----- RECORDS TO USE -----
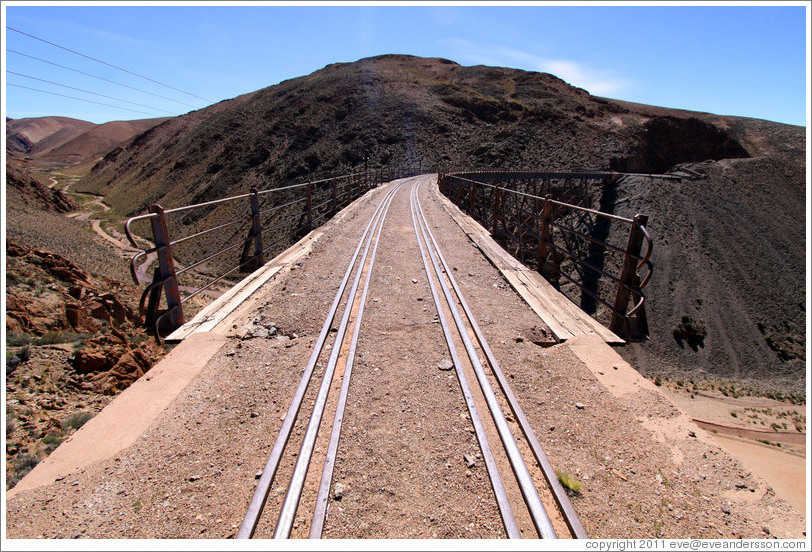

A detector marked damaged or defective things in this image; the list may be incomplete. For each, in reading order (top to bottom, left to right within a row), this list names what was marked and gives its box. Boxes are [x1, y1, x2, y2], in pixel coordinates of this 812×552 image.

rusty metal post [149, 204, 186, 330]
rusty metal post [612, 215, 652, 336]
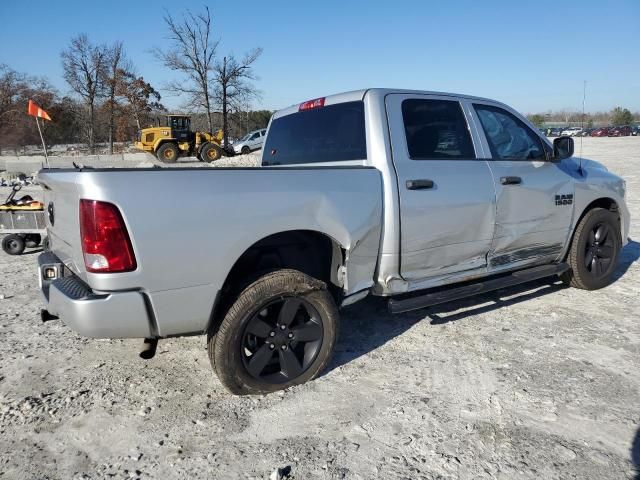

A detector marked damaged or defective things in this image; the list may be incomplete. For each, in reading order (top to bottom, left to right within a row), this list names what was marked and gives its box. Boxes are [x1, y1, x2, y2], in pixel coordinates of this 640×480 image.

dented truck side [36, 89, 632, 394]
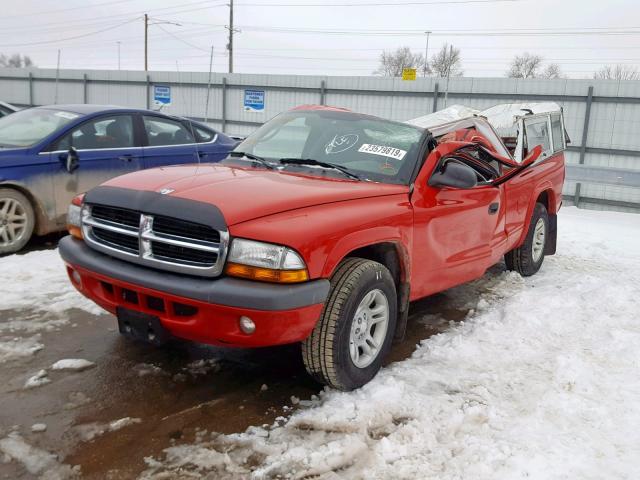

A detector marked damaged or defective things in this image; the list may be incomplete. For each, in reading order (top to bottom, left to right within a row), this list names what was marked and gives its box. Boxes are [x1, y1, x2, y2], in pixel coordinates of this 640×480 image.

shattered windshield [225, 109, 424, 185]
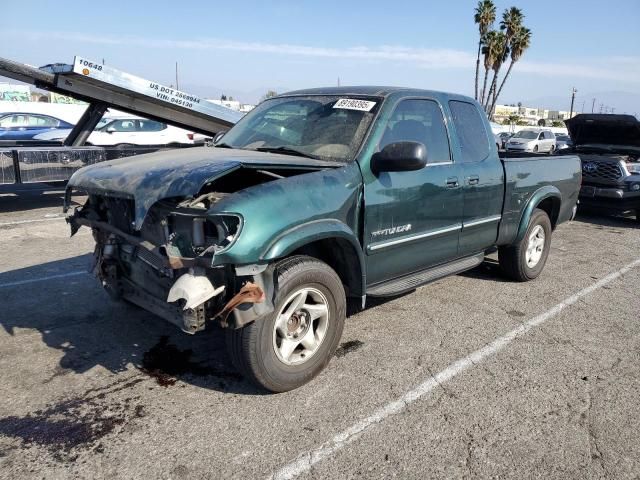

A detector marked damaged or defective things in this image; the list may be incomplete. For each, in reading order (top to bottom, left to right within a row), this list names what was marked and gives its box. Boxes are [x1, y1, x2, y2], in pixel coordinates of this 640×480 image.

crumpled hood [564, 113, 640, 149]
crumpled hood [67, 146, 342, 229]
damaged green truck [65, 87, 580, 390]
-----
» **TASK DIRECTIONS**:
Every entry, word for word, should be given again; the pictures are not part of the copy.

» **RESULT FOR THIS TASK**:
A detector marked damaged or defective things in this image; the list may be incomplete. For each, in reading order (top to bottom, left to right within a row), this list names what was marked and gives its box. Boxes are [x1, y1, x2, y2], in pixel coordinates of this 812×552 image.

rusty metal post [149, 204, 186, 330]
rusty metal post [612, 215, 652, 336]

A detector marked damaged or defective things in this image; the list may be incomplete. For each, in reading order (top to bottom, left to right within a row), this list names what was marked and gives its box. Boxes are [x1, y1, x2, y2], in pixel coordinates of this 640×480 image.

dented truck side [36, 89, 632, 394]

A detector marked damaged or defective things in this image; the list may be incomplete. For each, in reading order (top to bottom, left to right within a row), this list names what was marked and gives its box. Boxes are [x1, y1, x2, y2], in pixel coordinates of this 640×480 image.

shattered windshield [225, 109, 424, 185]

A detector marked damaged or defective things in this image; the list may be incomplete. For each, in reading order (top to bottom, left to right within a row), this list names what was marked and gives its box. Boxes are [x1, y1, x2, y2], in pixel coordinates of this 640×480 image.

crumpled hood [564, 113, 640, 149]
crumpled hood [67, 146, 342, 229]
damaged green truck [65, 87, 580, 390]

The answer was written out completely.